In [1]:
import pandas as pd
from sklearn.preprocessing import OneHotEncoder
from sklearn.compose import make_column_transformer
from sklearn.preprocessing import StandardScaler
import pickle

def data_preprocessing(dataset:pd.DataFrame):
    '''
    dataset contain this columns:
        'gender':               ['Female' 'Male']
        'SeniorCitizen':        [0 1]
        'Partner':              ['Yes' 'No']
        'Dependents':           ['No' 'Yes']
        'tenure':               int
        'PhoneService':         ['No' 'Yes']
        'MultipleLines':        ['No phone service' 'No' 'Yes']
        'InternetService':      ['DSL' 'Fiber optic' 'No']
        'OnlineSecurity':       ['No' 'Yes' 'No internet service']
        'OnlineBackup':         ['Yes' 'No' 'No internet service']
        'DeviceProtection':     ['No' 'Yes' 'No internet service']
        'TechSupport':          ['No' 'Yes' 'No internet service']
        'StreamingTV':          ['No' 'Yes' 'No internet service']
        'StreamingMovies':      ['No' 'Yes' 'No internet service']
        'Contract':             ['Month-to-month' 'One year' 'Two year']
        'PaperlessBilling':     ['Yes' 'No']
        'PaymentMethod':        ['Electronic check' 'Mailed check' 'Bank transfer (automatic)' 'Credit card (automatic)']
        'MonthlyCharges':       float
        'TotalCharges':         float
        'Churn':                ['No' 'Yes']   // Not necessary
    '''
    df = dataset.copy()

    # Prepare string variables
    df.columns = df.columns.str.lower().str.replace(' ','_')
    string_columns = list(df.dtypes[df.dtypes=='O'].index)
    for col in string_columns:
        df[col] = df[col].str.lower().str.replace(' ','_')

    # drop customerid
    if 'customerid' in df.columns:
        del df['customerid']
        
    # Prepare numeric columns type
    if 'tenure' in df.columns:
        df['tenure'] = pd.to_numeric(df['tenure'], errors='coerce')
        df['tenure'] = df['tenure'].fillna(0)
    else:
        raise Exception("!!! Tenure column didn't exist !!!")
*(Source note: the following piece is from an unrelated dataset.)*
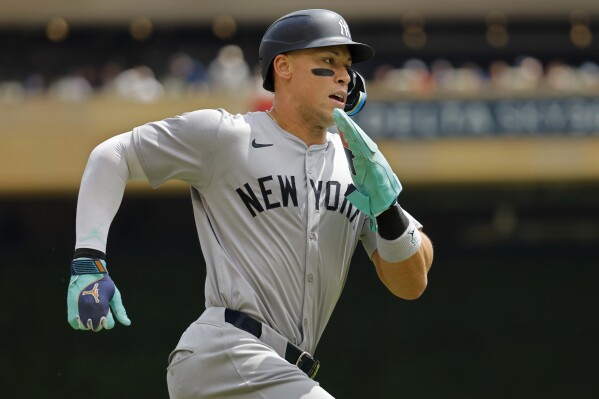 FILE - New York Yankees' Aaron Judge scores from second base on a double by Gleyber Torres during the first inning of a baseball game against the Minnesota Twins, Thursday, May 16, 2024, in Minneapolis. Aaron Judge prides himself an old-school New York Yankee, and now he has a road uniform to match. His suggestion three years ago led to the team jettisoning the away jerseys used for the past half-century in favor of a return to retro, without the white piping instituted during a bleak period in the early 1970s. (AP Photo/Bruce Kluckhohn, File)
    if 'monthlycharges' in df.columns:
        df['monthlycharges'] = pd.to_numeric(df['monthlycharges'], errors='coerce')
        df['monthlycharges'] = df['monthlycharges'].fillna(0)
    else:
        raise Exception("!!! MonthlyCharges column didn't exist !!!")

    if 'totalcharges' in df.columns:
        df['totalcharges'] = pd.to_numeric(df['totalcharges'], errors='coerce')
        df['totalcharges'] = df['totalcharges'].fillna(0)
    else:
        raise Exception("!!! TotalCharges column didn't exist !!!")
        
    # Make dependent variable numeric
    if 'churn' in df.columns:
        df.churn = (df.churn == 'yes').astype(int)
        
    # Drop duplicates
    df.drop_duplicates(inplace=True)
    
    return df

def FeatureEngineering(dataset:pd.DataFrame, categorical_variables:list, numerical_variables:list, target_variable:str):
    df = dataset.copy()
    categorical_important = categorical_variables.copy()
    numerical_important = numerical_variables.copy()
    dependent_variable = [target_variable.lower().replace(' ','_')]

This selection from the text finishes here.